The TEST AI Act of 2025 establishes a pilot program, led by NIST, to develop measurement standards and build testbeds for evaluating the reliability and security of federal Artificial Intelligence systems.
Ben Luján
Senator
NM
The TEST AI Act of 2025 establishes a pilot program, managed by NIST, to develop reliable measurement standards for evaluating federal Artificial Intelligence systems. This effort requires collaboration between the Departments of Commerce and Energy to create necessary testing facilities, known as "testbeds." A newly formed Working Group will advise on developing standards covering AI reliability, security, and bias, with a final report submitted to Congress detailing findings and future needs.
The TEST AI Act of 2025 is all about getting serious about how the federal government uses Artificial Intelligence. Think of it as the government saying, “Okay, we’re using AI for everything from processing benefits to national security, but we need to stop winging it.” This bill mandates the National Institute of Standards and Technology (NIST) to set up a pilot program to develop reliable, measurable standards for evaluating AI systems.
Right now, when the government buys or builds an AI system—say, one that screens job applications or processes loans—there isn't one universal, technical checklist to make sure it’s safe, fair, and actually works as advertised. This bill (SEC. 3) aims to create that checklist. NIST, referred to in the bill as the "Institute," must work with the Department of Energy (DOE) to pool resources, staff, and facilities to build what they call "testbeds." These testbeds are basically dedicated labs or environments where AI systems can be rigorously put through their paces in a repeatable way (SEC. 2).
For the average person, this is critical because it addresses the fear of faulty or biased AI. If a government AI system is going to affect your life—whether deciding your tax refund or flagging you at an airport—it needs to be reliable. The standards developed here must specifically cover reliability, performance, security (including data leakage), privacy, and, crucially, data bias (SEC. 3(d)). This means the government is trying to build a system where an AI tool can’t unfairly penalize certain groups of people because of flaws in its training data.
To guide this massive effort, the bill establishes an Artificial Intelligence Testing Working Group (SEC. 3(c)). This group, which advises the Departments of Commerce and Energy, will include experts from government, industry, and academia. They’re tasked with creating the strategy for developing these measurement standards within a year of the group forming. This strategy will be posted publicly, giving developers a clear roadmap of what the government expects.

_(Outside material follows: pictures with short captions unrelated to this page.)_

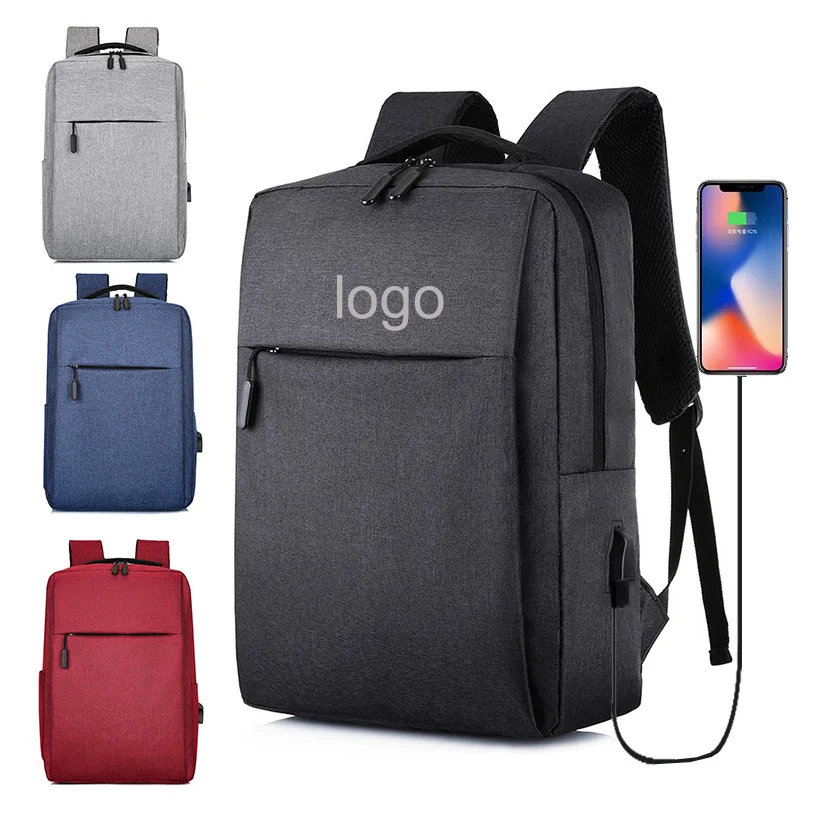 OMASKA bags for men backpack wholesale custom logo free backpack samples usb charger travel bags laptop backpack back, Black gray
OMASKA bags for men backpack wholesale custom logo free backpack samples usb charger travel bags laptop backpack back, Black gray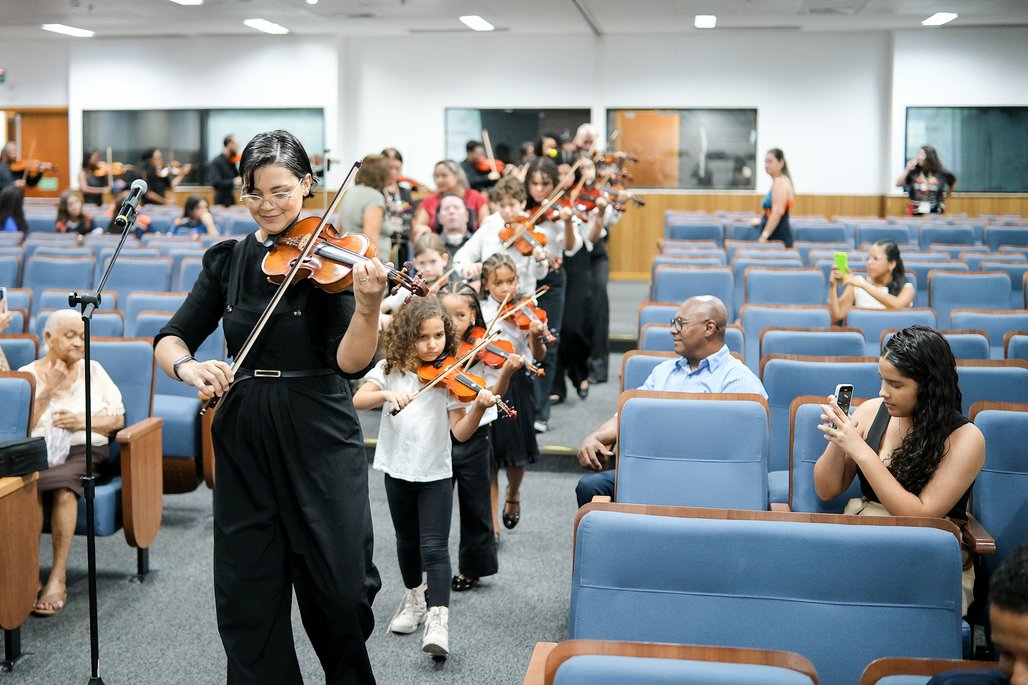 Bienal do Livro de Alagoas 2025 \u002D dia 10 \u002D 09/11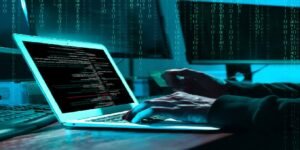 বিশেষ: এই ৫ ভুলেই হ্যাক হয় ব্যাঙ্ক অ্যাকাউন্ট, না জানলেই উধাও হবে সর্বস্ব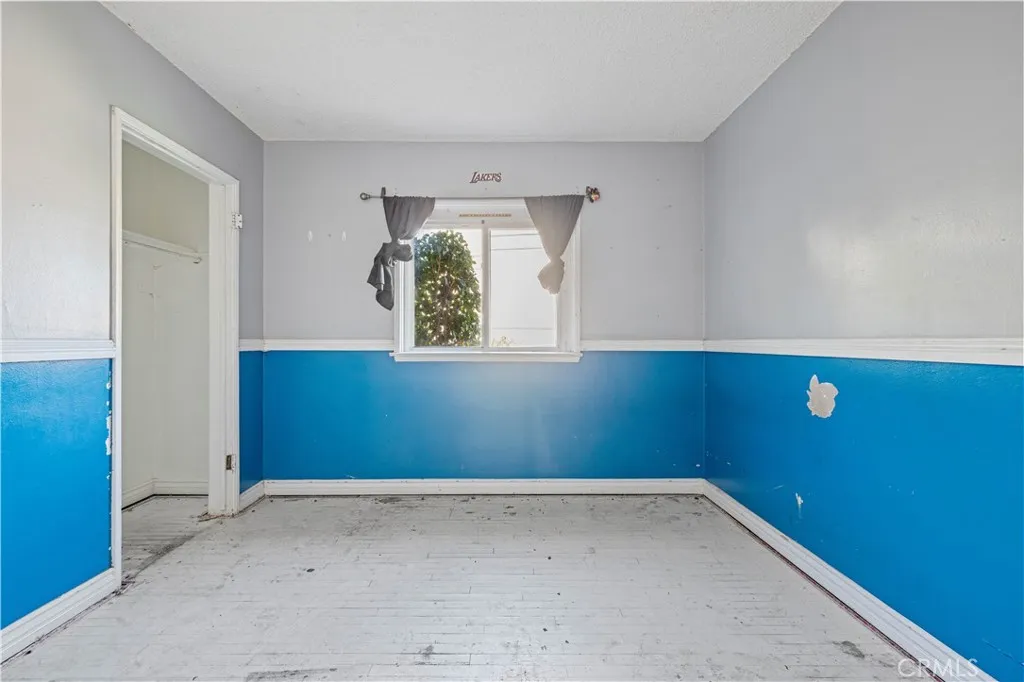 Additional image 14 of 8544 Noble Avenue, North Hills, CA 91343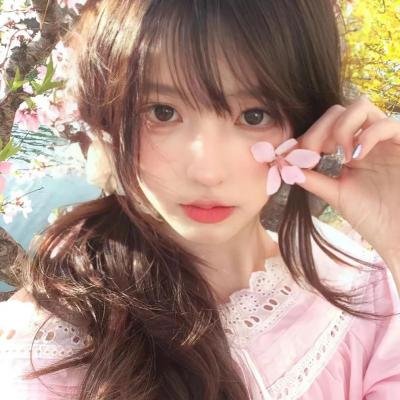 堕落的天使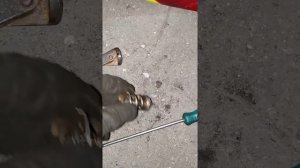 как правильно убрать термостат ваз 2110/12/11 / как заглушить малый круг ваз 2110 / охлаждение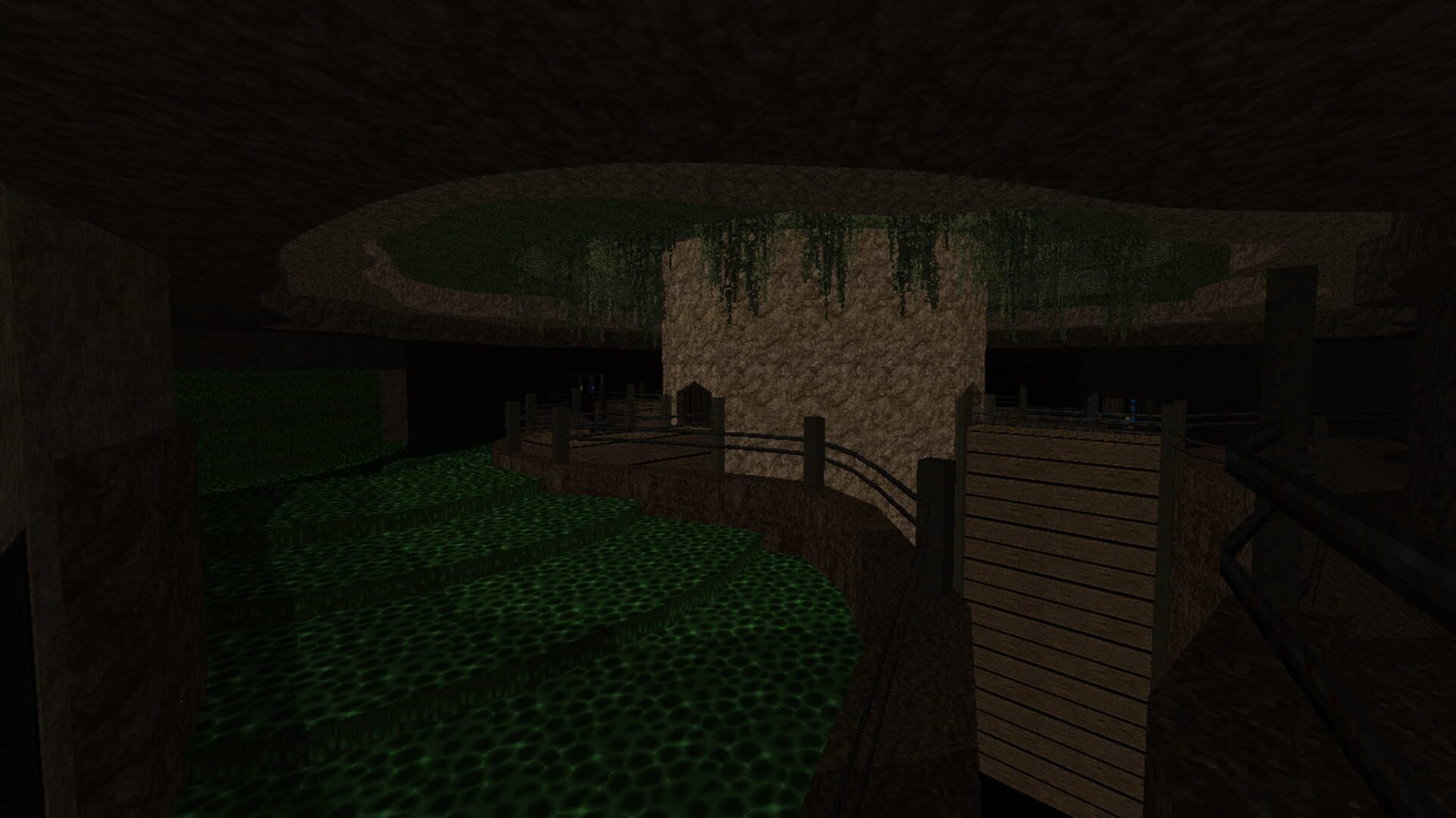 Grotto of the Scorned screenshot 4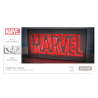MARVEL - Logo - Lampe Led Neon 15.5x30.5cmFIGPP13125MC_2.png5056577733273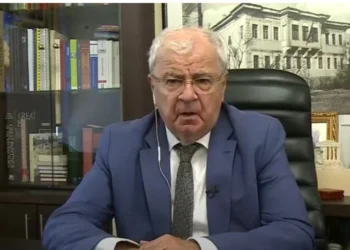 “Prokuroria e Korçës e korruptuar, zbuti akuzën”, Ngjela flet për vrasjen në Pogradec…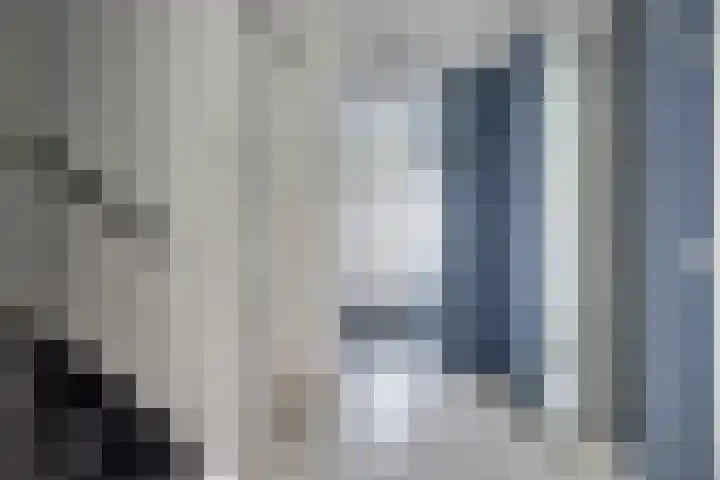 Ooievaardreef 23 Moordrecht thumbnail 5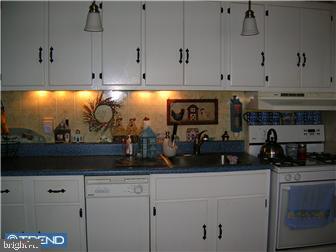 108 Roberts Road Brookhaven, PA 19015 - Photo 9 of 12 Kitchen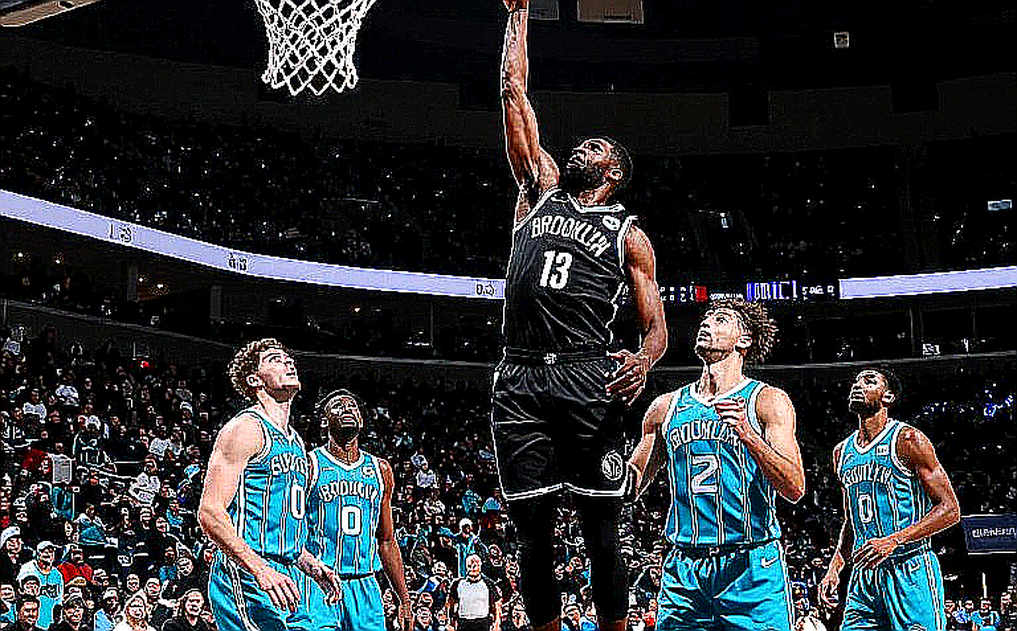 Rocket đội lốt người hùng: Bản hợp đồng 208 triệu đô của Amen Thompson và cú cược cả tương lai Houston Rocket đội lốt người hùng: Bản hợp đồng 208 triệu đô của Amen Thompson và cú cược cả tương lai Houston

However, there’s a significant security layer built into the composition of this group: citizens from any “covered foreign country”—specifically China, Russia, North Korea, and Iran—are explicitly barred from being members (SEC. 2, SEC. 3(c)(3)). While this strengthens national security oversight, it does mean the Working Group might miss out on specialized technical expertise if that knowledge resides primarily with individuals from those nations. It’s a clear trade-off between security and technical breadth.
Once the strategy is set, NIST has two years from the law’s enactment to build and demonstrate the actual testbeds (SEC. 3(e)). These aren’t just theoretical models; they are physical or virtual environments where the new standards are proven to work on AI systems used by federal agencies. Think of it like a crash-test facility, but for algorithms. After the first round of demonstrations, NIST must report back to Congress, detailing what worked and what resources they need to expand the testing to cover all the different ways the government uses AI (SEC. 3(f)). This report is the key to turning the pilot program into a permanent, standardized way of doing business.
Ultimately, the TEST AI Act is about building trust in the tools the government uses. By forcing agencies to collaborate and create transparent, measurable standards for AI reliability and fairness, it aims to reduce the risk of costly mistakes and biased outcomes that affect everyone from small business owners applying for grants to veterans seeking benefits.